TASK GOAL —
Transcribe the data exactly, omitting whatever pictures it holds.

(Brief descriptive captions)
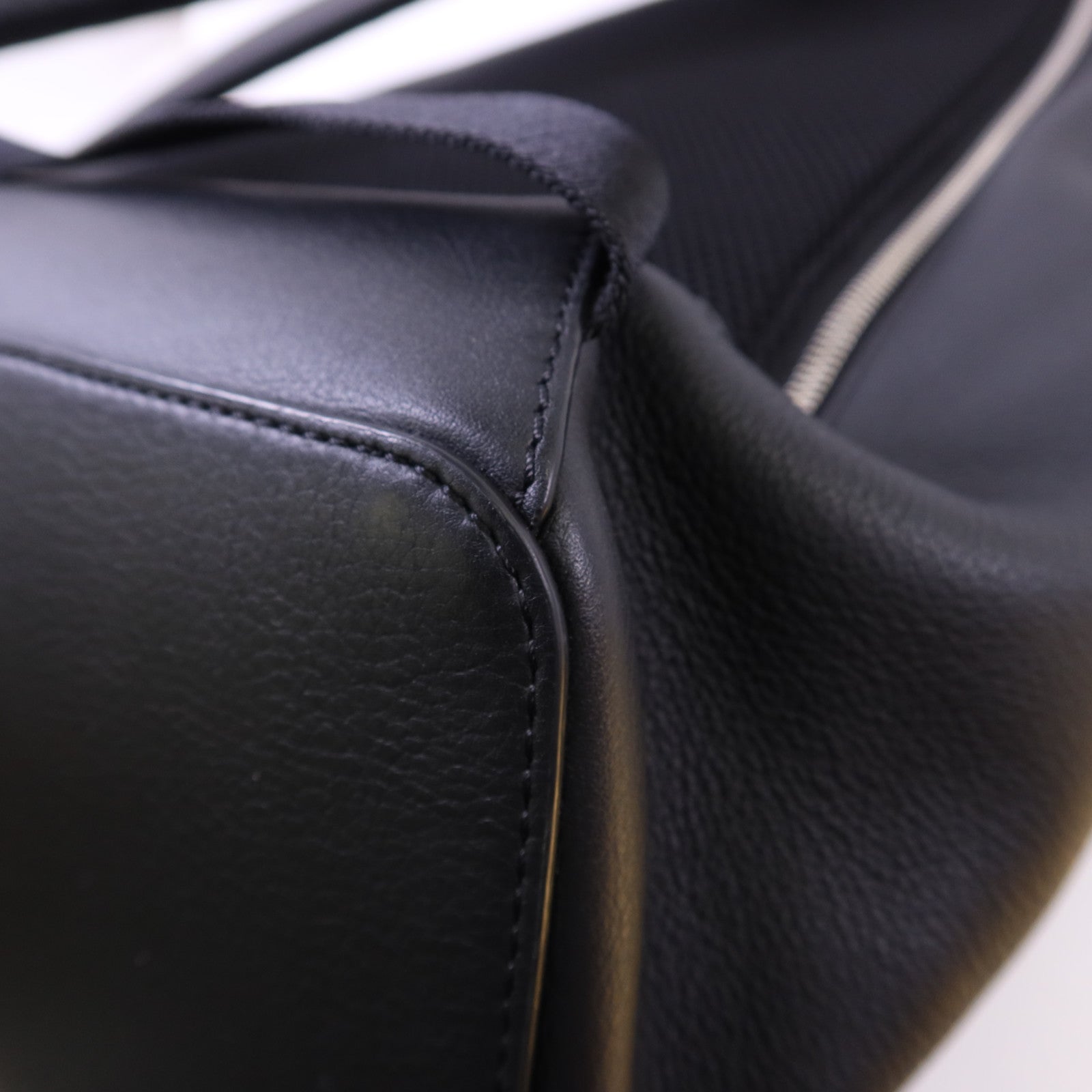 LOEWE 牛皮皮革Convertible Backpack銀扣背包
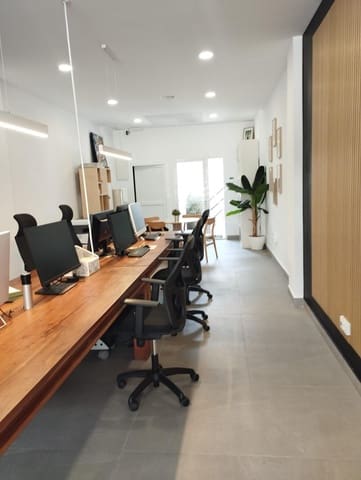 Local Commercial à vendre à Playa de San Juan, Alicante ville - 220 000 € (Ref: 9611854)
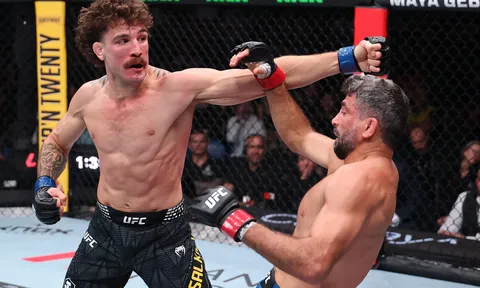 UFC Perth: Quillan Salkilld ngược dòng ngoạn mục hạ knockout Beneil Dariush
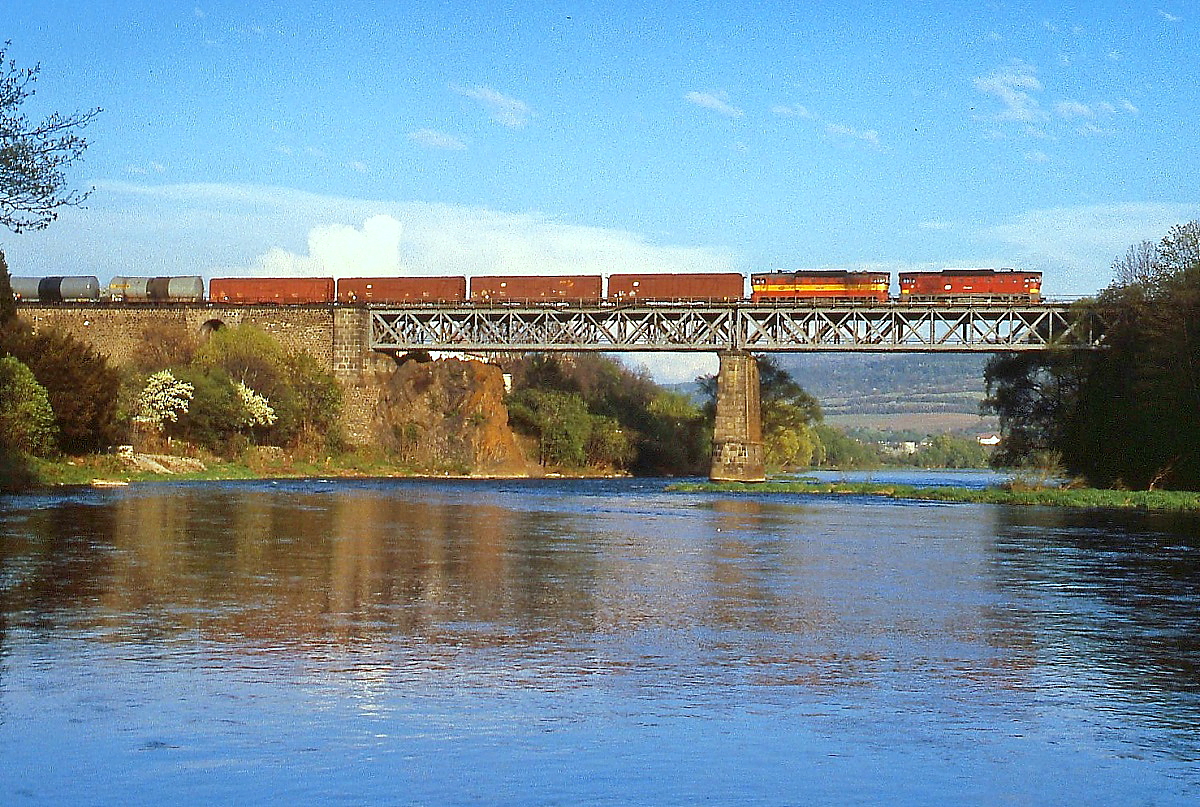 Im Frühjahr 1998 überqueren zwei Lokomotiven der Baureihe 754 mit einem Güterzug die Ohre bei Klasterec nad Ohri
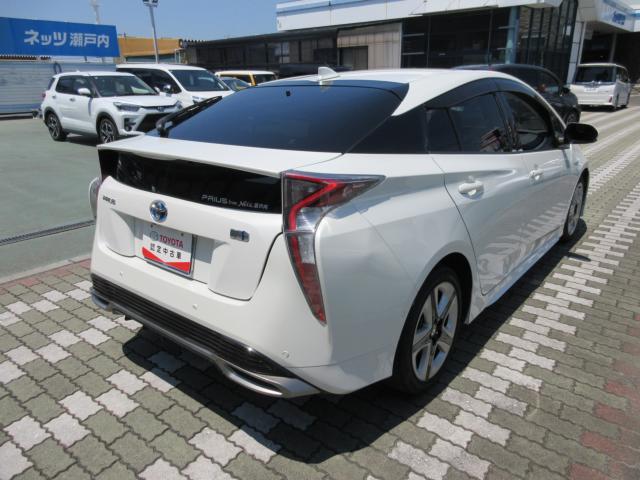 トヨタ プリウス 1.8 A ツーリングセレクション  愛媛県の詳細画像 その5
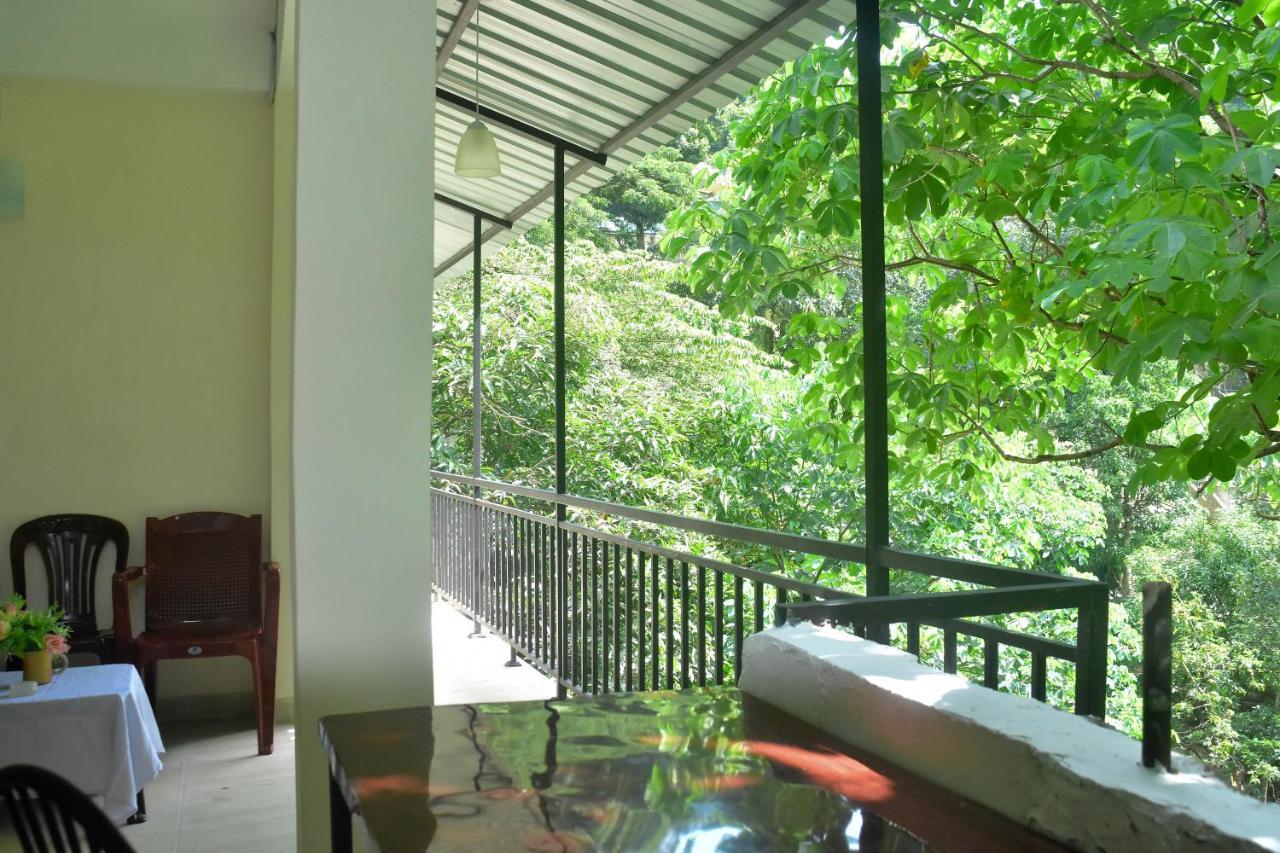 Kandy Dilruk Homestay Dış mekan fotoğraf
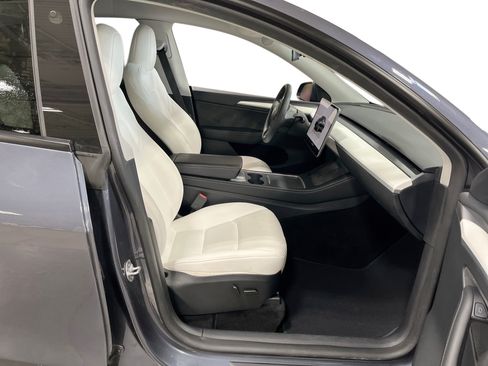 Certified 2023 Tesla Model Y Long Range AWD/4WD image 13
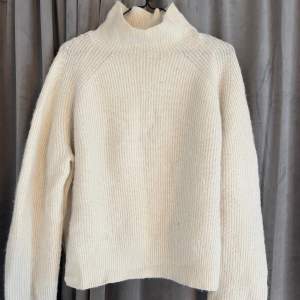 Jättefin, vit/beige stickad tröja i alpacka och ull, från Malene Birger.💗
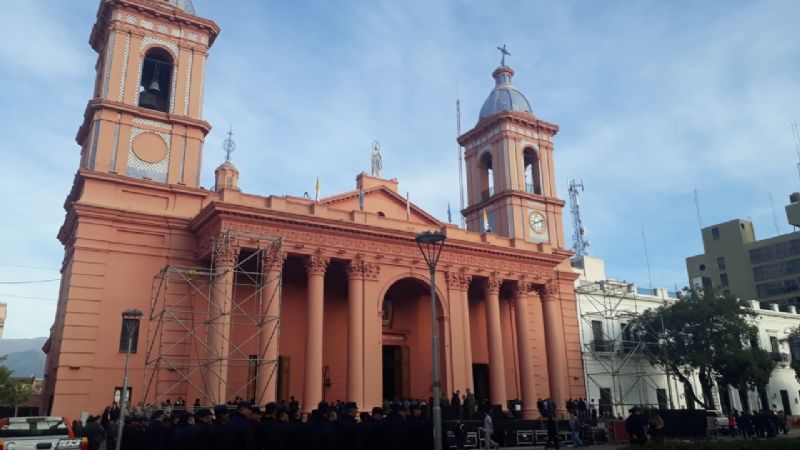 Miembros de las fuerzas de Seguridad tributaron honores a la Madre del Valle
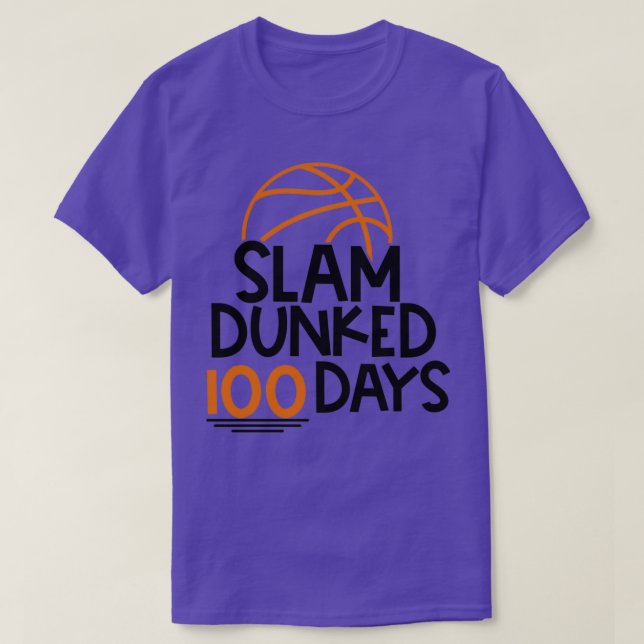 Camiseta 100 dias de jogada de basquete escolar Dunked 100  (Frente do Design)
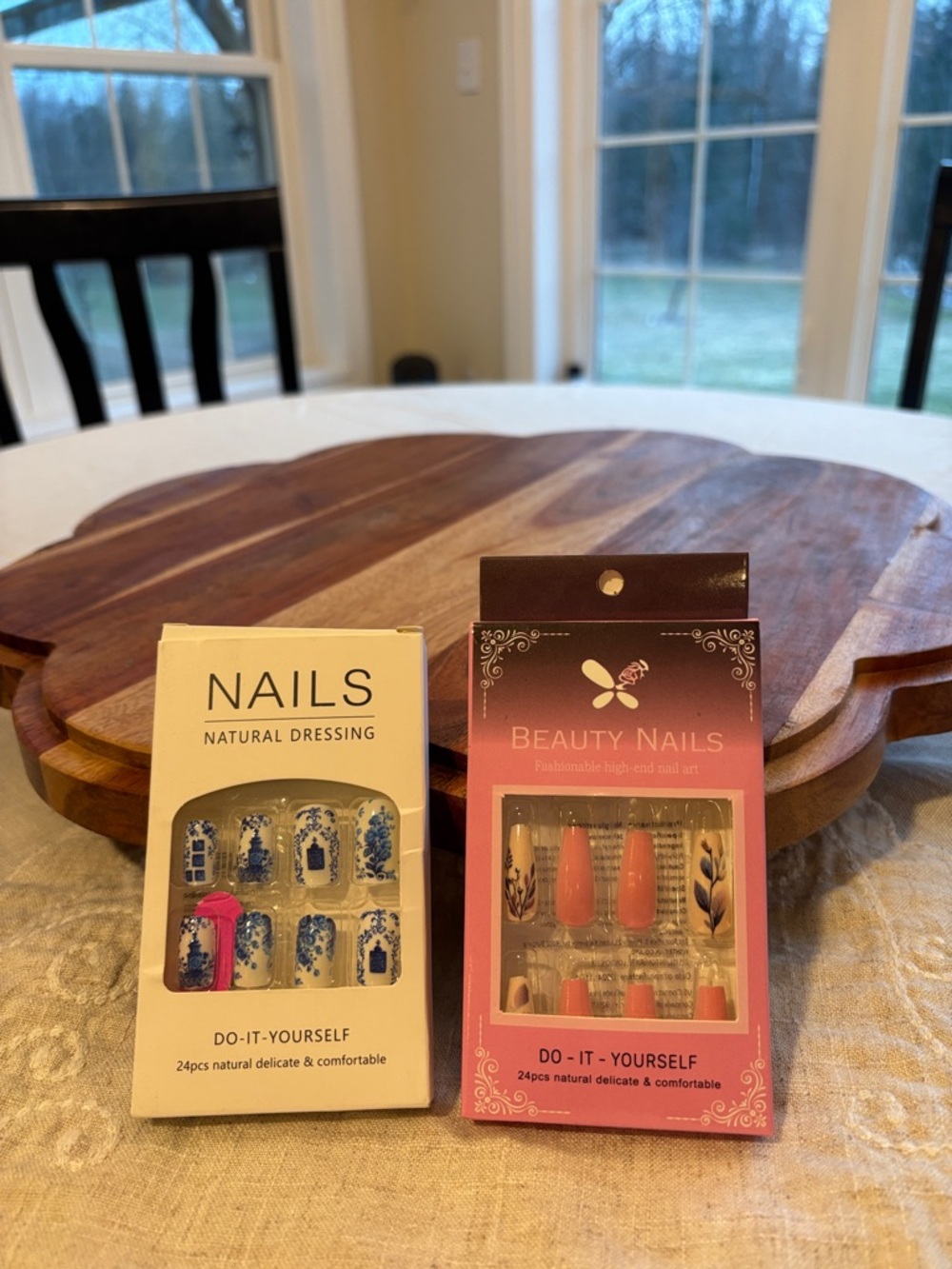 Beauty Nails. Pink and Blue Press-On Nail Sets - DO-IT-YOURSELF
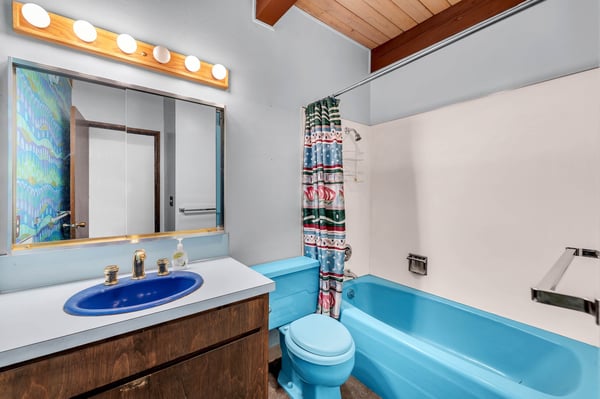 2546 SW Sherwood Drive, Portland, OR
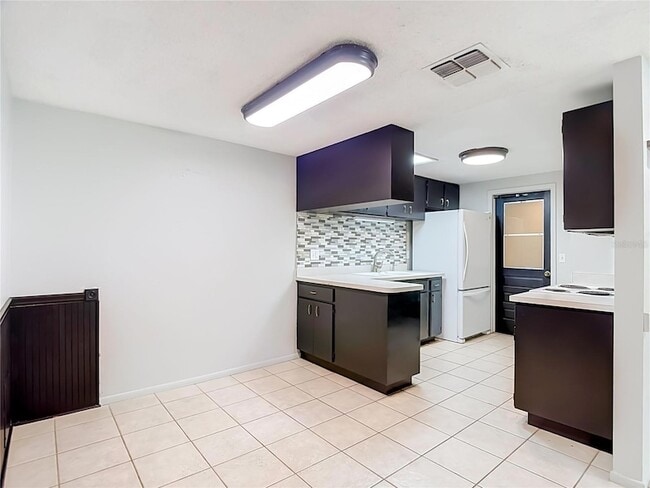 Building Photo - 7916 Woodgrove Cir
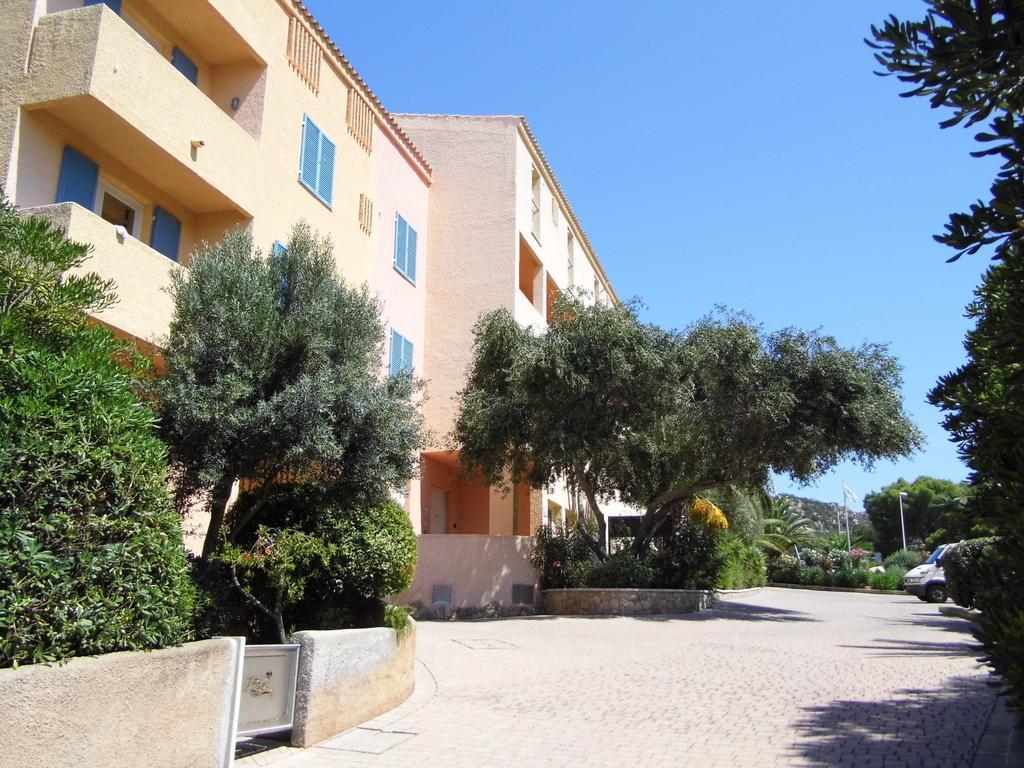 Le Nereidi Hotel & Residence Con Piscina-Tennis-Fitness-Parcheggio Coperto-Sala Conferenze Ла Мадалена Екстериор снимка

ANSWER BOX —
 LOEWE 牛皮皮革Convertible Backpack銀扣背包
 Local Commercial à vendre à Playa de San Juan, Alicante ville - 220 000 € (Ref: 9611854)
 UFC Perth: Quillan Salkilld ngược dòng ngoạn mục hạ knockout Beneil Dariush
 Im Frühjahr 1998 überqueren zwei Lokomotiven der Baureihe 754 mit einem Güterzug die Ohre bei Klasterec nad Ohri
 トヨタ プリウス 1.8 A ツーリングセレクション  愛媛県の詳細画像 その5
 Kandy Dilruk Homestay Dış mekan fotoğraf
 Certified 2023 Tesla Model Y Long Range AWD/4WD image 13
 Jättefin, vit/beige stickad tröja i alpacka och ull, från Malene Birger.💗
 Miembros de las fuerzas de Seguridad tributaron honores a la Madre del Valle
 Camiseta 100 dias de jogada de basquete escolar Dunked 100  (Frente do Design)
 Beauty Nails. Pink and Blue Press-On Nail Sets - DO-IT-YOURSELF
 2546 SW Sherwood Drive, Portland, OR
 Building Photo - 7916 Woodgrove Cir
 Le Nereidi Hotel & Residence Con Piscina-Tennis-Fitness-Parcheggio Coperto-Sala Conferenze Ла Мадалена Екстериор снимка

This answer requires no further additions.